Generative Descriptions

Qmod supports classical variables, expressions, and control-flow statements. In addition, in Qmod's Python embedding it's often useful to rely on Python itself to perform classical computations at model construction time. This lets you leverage Python's language features, libraries, and debugging tools.

The example below illustrates how the Python for statement and math.asin function can be used to generate a Qmod description.

from classiq import PHASE, QArray, QBit, qfunc
from math import asin


@qfunc
def foo(qa: QArray[QBit]):
    for i in range(qa.len):  # 'qa.len' is a Python integer
        PHASE(asin(i / qa.len), qa[i])  # the expression `i / qa.len` is a Python float

Python-Type Function Parameters

In Python, Qmod functions may declare parameters of either Qmod classical types, or their Python built-in counterparts. Variables of Qmod types are represented symbolically in Python (see explanation below), while variables of standard Python types hold the actual Python value. The values of Python-type parameters are known at model construction time, while the value of Qmod variables are known only at a later compilation or execution stage.
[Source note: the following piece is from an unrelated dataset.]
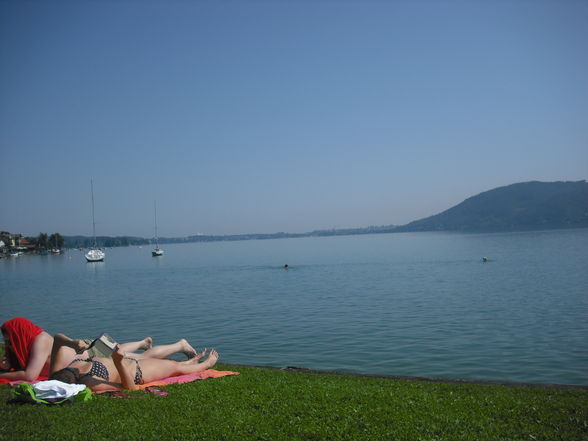 Urlaub am Attersee mit mein schatz - 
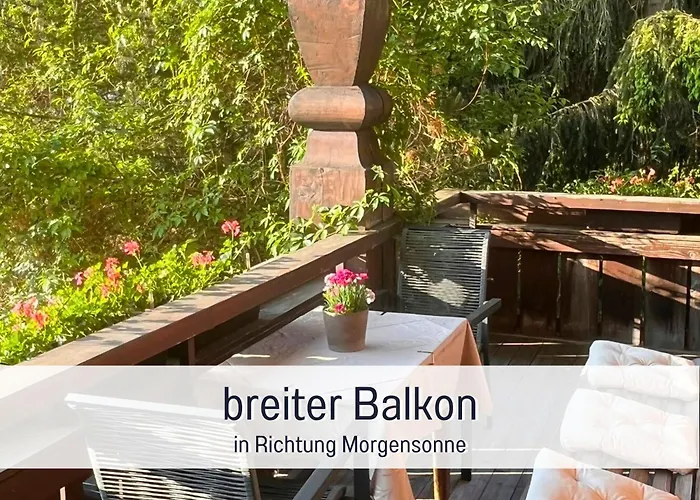 Ruhige Zentrale Mit Privater Infrarotsauna & Bergblick In 公寓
The table below lists the mappings between Qmod classical types and Python built-in types (for more on classical types, see Classical Types). Using Python types other than the ones listed below is flagged as an error.

Qmod	Python
CInt	int
CReal	float
CBool	bool
CArray	list

Qmod functions can declare parameters of function type using the generic class QCallable (see Operators). In these cases too, parameters may be Python built-in types. When the actual function argument is a Python lambda expression, the use of lambda parameters as symbolic or Python values must conform to the declaration of the respective parameters in the receiving function.

Symbolic and Python-Value Expression Semantics

• A classical expression is symbolic if it contains any variable declared with a Qmod type. A (non-symbolic) Python expression may contain only Python variables.
• Python literal values, variables, and expressions can be passed as arguments to functions expecting Qmod types, or be used in Qmod statements. However, Qmod variables and expressions cannot be passed as arguments to functions expecting Python types, nor be used in general Python expression contexts.
• The attributes of quantum variables - size, len, is_signed, and fraction_digits - are treated as Python (non-symbolic) expressions (see Quantum Types).
• The len attribute of classical arrays is symbolic for type CArray and a Python value for type list.
• The index variable in a Qmod repeat statement is a Qmod symbolic variable of type CInt (see Classical Control Flow).
• Execution parameters (i.e., parameters of function main) must be symbolic (see Quantum Entry Point).

Notes:

• The body of functions with Python parameters will be evaluated for every different set of arguments, while the body of a function with symbolic parameters will be evaluated only once. The overall Qmod compilation process for symbolic logic may be more efficient.
• The Classiq SDK includes the package classiq.qmod.symbolic with useful math functions operating on Qmod symbolic expressions.
• Qmod symbolic expressions and control-flow statements are processed by the Qmod compiler. Therefore, they can be translated back to the Qmod native syntax and visualized as such in the Classiq IDE. In contrast, Python expressions and statements are evaluated by the Python interpreter prior to reaching the Qmod toolchain and leave no trace in translation or visualization.
• Python expressions and statements have the advantage of being supported by conventional Python debugging tools.

Examples

Example 1: Generative Description of QFT

The following example demonstrates the use of nested Python for loops to define the quantum Fourier transform (QFT). An equivalent description can be written with nested Qmod repeat statements, but the Python version is more readable and easier to debug. The printouts with the print statement are meaningful only in this style, that is, using non-symbolic Python expressions.

from math import pi

from classiq import CPHASE, H, QArray, QBit, qfunc


@qfunc
def my_gen_qft(qa: QArray[QBit]):
    for i in range(qa.len):
        H(qa[i])
        for j in range(qa.len - i - 1):
            phase = pi / (2 ** (j + 1))
            print(f"phase on qubit {i}: {phase}")
            CPHASE(phase, qa[i + j + 1], qa[i])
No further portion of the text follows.